Transcribe exactly every line from the one containing "Petit tableau en" down to the final line of the listing below, including both, and leave out the rest.

--- Extracted information Enclosed Below ---

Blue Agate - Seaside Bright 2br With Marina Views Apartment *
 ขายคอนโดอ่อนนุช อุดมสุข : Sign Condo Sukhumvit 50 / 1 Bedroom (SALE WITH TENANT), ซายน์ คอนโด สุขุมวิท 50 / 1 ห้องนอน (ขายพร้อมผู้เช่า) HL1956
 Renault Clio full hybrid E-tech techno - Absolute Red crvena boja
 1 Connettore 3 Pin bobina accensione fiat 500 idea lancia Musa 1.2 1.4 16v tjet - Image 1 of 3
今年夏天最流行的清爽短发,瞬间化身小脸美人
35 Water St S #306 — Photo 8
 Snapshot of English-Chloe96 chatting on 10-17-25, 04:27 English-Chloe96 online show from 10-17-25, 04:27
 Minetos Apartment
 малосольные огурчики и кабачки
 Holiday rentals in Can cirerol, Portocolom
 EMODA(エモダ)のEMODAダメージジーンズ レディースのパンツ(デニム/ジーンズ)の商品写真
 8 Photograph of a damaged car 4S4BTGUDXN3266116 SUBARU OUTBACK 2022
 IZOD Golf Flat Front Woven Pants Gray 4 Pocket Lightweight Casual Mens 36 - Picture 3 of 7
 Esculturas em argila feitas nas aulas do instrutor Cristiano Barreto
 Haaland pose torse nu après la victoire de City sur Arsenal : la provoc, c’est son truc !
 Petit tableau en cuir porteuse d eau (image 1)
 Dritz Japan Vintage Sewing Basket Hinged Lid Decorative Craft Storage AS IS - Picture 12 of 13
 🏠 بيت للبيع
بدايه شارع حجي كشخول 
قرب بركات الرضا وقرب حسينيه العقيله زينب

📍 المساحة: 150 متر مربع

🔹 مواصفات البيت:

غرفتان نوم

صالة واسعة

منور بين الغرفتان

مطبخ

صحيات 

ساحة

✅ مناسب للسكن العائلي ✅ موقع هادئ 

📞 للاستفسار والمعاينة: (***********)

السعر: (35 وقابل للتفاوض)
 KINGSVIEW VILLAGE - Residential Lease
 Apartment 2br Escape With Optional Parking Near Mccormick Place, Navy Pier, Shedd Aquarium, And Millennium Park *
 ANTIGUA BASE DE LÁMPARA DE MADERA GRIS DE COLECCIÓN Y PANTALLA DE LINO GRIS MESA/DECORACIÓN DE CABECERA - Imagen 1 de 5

--- End of Enclosed Extracted information ---

**Response below:**
 Petit tableau en cuir porteuse d eau (image 1)
 Dritz Japan Vintage Sewing Basket Hinged Lid Decorative Craft Storage AS IS - Picture 12 of 13
 🏠 بيت للبيع
بدايه شارع حجي كشخول 
قرب بركات الرضا وقرب حسينيه العقيله زينب

📍 المساحة: 150 متر مربع

🔹 مواصفات البيت:

غرفتان نوم

صالة واسعة

منور بين الغرفتان

مطبخ

صحيات 

ساحة

✅ مناسب للسكن العائلي ✅ موقع هادئ 

📞 للاستفسار والمعاينة: (***********)

السعر: (35 وقابل للتفاوض)
 KINGSVIEW VILLAGE - Residential Lease
 Apartment 2br Escape With Optional Parking Near Mccormick Place, Navy Pier, Shedd Aquarium, And Millennium Park *
 ANTIGUA BASE DE LÁMPARA DE MADERA GRIS DE COLECCIÓN Y PANTALLA DE LINO GRIS MESA/DECORACIÓN DE CABECERA - Imagen 1 de 5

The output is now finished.